Idiots guide to Catholic funeral Mass

Hi all, so it’s been a while since I posted but I need some advice. My grandmother died on Tuesday, a Catholic funeral Mass has been arranged, I need to know how it all works. I haven’t attended a Mass in at least 25 years and I’ve never attended a funeral Mass.

Thanks for your help.

My condolences on the loss of your grandma.

Go to church, sit with the family and friends, and do what everybody else does, except don’t go to Communion unless you’ve confessed beforehand and are planning on being a regular Mass goer and avoiding all sins going forward.

A Mass is a Mass is a Mass. The only difference for a funeral is the Mass uses special prayers and readings relating to a funeral, and also the body is usually present. The priest may or may not permit relatives to read a eulogy during announcement time, if relatives even want to do that. I know when my parents died the last thing I wanted to do was get up and make a speech, but my cousin did it when their parent passed. Generally this is arranged in advance if it’s going to happen at all.

In any event, if this is your grandma, no one is going to be looking to see if you make a mistake. If you do make one, like stand when others sit, people will excuse it because you’re grieving.

5 Likes

I am sorry for your loss, Inquisitor.

The mass will probably be a bit different than when you were last there, but not really all that different.
The funeral mass will include some extra things relating to the deceased. There is nothing to worry about.

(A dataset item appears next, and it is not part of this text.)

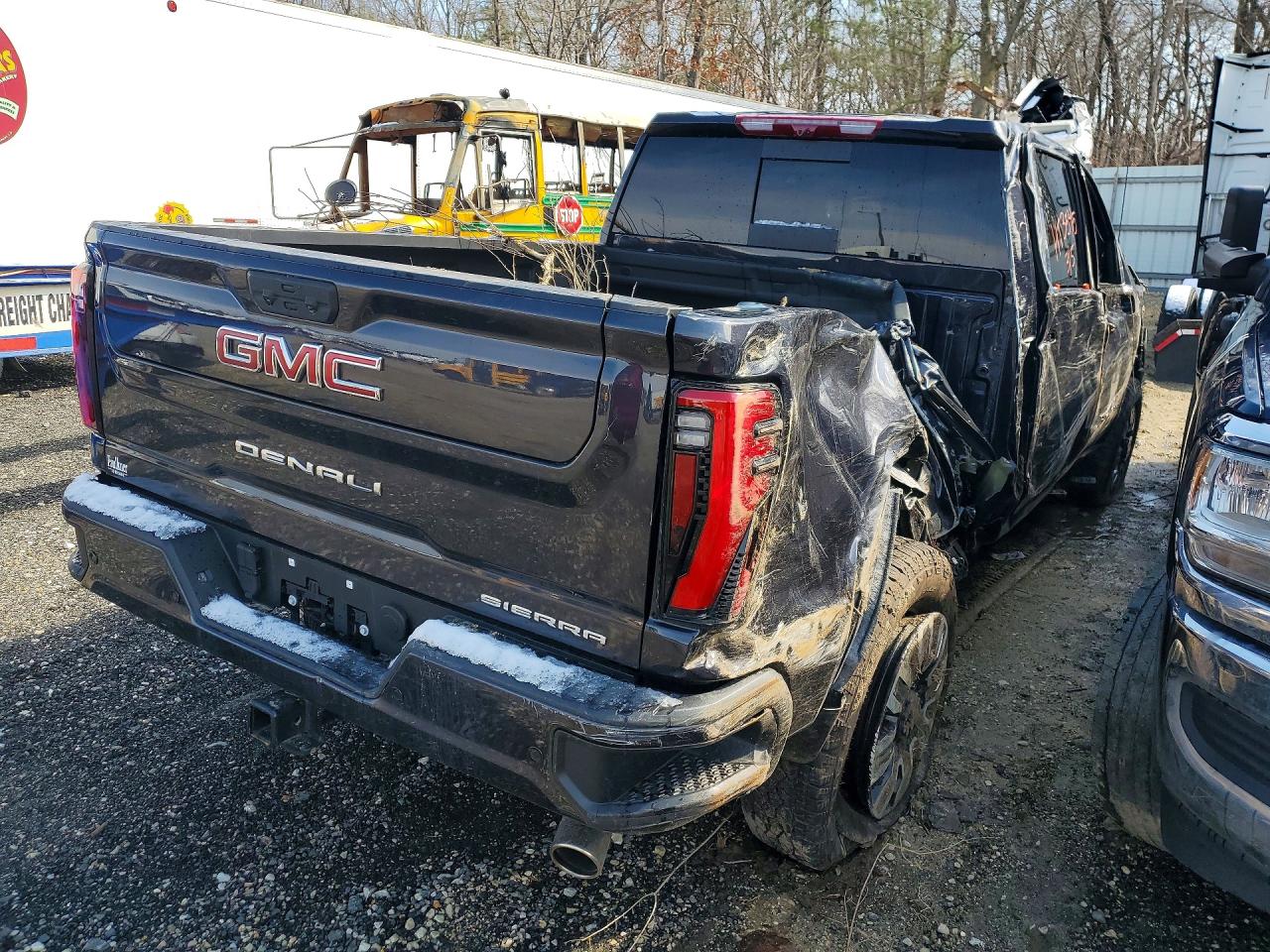 2025 Gmc VIN 1GT4URE78SF370953 COPART salvage auction — Side, NJ - CERT OF TITLE-SALVAGE (P), sold $29,000 on 2026-05-06 (photo 3)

You can follow along with everyone else by using the missal that most churches have. If you have also been away confession as long as mass, you should not receive communion.

Perhaps this funeral mass will call to your heart and bring you back to mass again. If so, you are always welcome.

Eternal rest grant unto her, O Lord, and let perpetual light shine upon her.
May her soul and the souls of all the faithful departed,
through the mercy of God, rest in peace .
Amen.

4 Likes

Yeah, some of the prayer responses will have changed. Most notably, “And Also With You” is now “And With Your Spirit”. At every funeral there are some people who haven’t been to Mass in years and say “And Also With You.”

3 Likes

Thank you all for your thoughts and advice.

1 Like

Agree with all above, however posts like yours are why our parish is putting together a special worship aid for funerals.

3 Likes

This will sound weird, and perhaps even inappropriate given the situation, but my advice is to enjoy the Mass. by this I mean pay attention to every detail, the readings, the gestures, the prayers. Relish and cherish every single detail. A funeral Mass is one of the most beautiful things in the world.

2 Likes

Others have already responded well, but I just wanted to add my condolences on your loss. And if you would like to, you may send me your grandmother’s name, and I can offer Mass for her coming up when I have a free intention.

-Fr ACEGC

18 Likes

Sorry for bumping the thread but I wanted to say thank you for this advice. The Mass was today and the Priest did a wonderful job, and it was a beautiful ceremony. The Eucharistic ministers that went to the crematorium gave a really touching send off as well.

5 Likes

First, my condolences for your loss.

My question has changed slightly now I’ve read to the end of the thread and your grandmother’s funeral has taken place. Was there a service booklet to help people follow the service? No one else has mentioned this and @TheLittleLady says her parish is preparing a special worship aid. Here in the UK it is the norm for a service booklet to be printed. They usually contain a photo and brief biographical details of the deceased. Many take them home. I have accumulated quite a number (a sign of aging) of people I love or were dear to me.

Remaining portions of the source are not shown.